U.S. auto sales preview: New vehicle sales in January are forecast by Cox Automotive to show a surprising gain when announced next week. Light new-vehicle sales are expected to rise 2.7% from a year ago, but fall 19.8% from last month. The research firm expects the seasonally adjusted annual rate to finish near 15.6M, a large increase from the 13.3M pace seen in December. “As we start 2023, high interest rates continue to hold back the new-vehicle market, while some concerns with inventory supply appear to be falling away,” noted Cox economist Charlie Chesbrough. Inventories are said to be improving, although some Asian brands continue to have extremely limited availability. TrueCar forecasts a 16M unit SAAR pace for the month and sees average transaction prices falling 2% from December. Automakers expected to post big gains in January include BMW (OTCPK:BMWYY), General Motors (GM), Honda (HMC), and Tesla (TSLA) – while Stellantis (STLA) and Toyota (TM) are seen giving up market share for the month.
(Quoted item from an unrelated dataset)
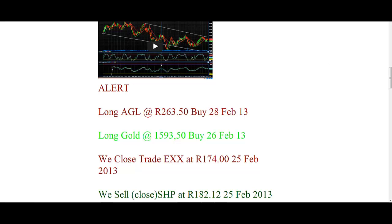Hi, this is your trade alert. We went long on gold on the 26th of February at 1593.50 in dollars. We expected it to go up a little bit, but it seems to have pulled back a little bit today.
S&P Global Mobility forecast battery electric vehicle share is expected to reach 7.4% in January to mark an all-time record high mix level. Tesla’s (TSLA) downward price adjustments are said to be a notable factor. “While this is the first shot in a BEV price war, the reaction of other auto companies will determine whether the January mix level will be a blip in the trend or a dynamic tipping point in the electrification progress of the market,” noted S&P.

Notable conferences: The conference schedule is light, with only the Lytham Partners Investor Select Conference and Sequire Biotechnology Conference standing out.

Barron’s mentions: Lowe’s (LOW) landed a surprise callout this weekend amid growing concerns on the housing market and the impact of a potential recession in the U.S. The publication pointed out that the home improvement retailer has a plan to minimize the damage by cutting advertising expenses and delaying some longer-term projects. By Barron’s calculations, even if sales drop to $87B for Lowe’s this year in a worst-case scenario, margins would come in at 13.3% vs. 12.9% in 2022. EPS is seen being on a reasonable path to $20 a year by 2026 to represent roughly 10% compound annual growth rate from last year’s mark. The main takeaway is that the current share prices offer long-term investors a compelling entry point with the stock trading at a discount to both rival Home Depot and the S&P 500 index.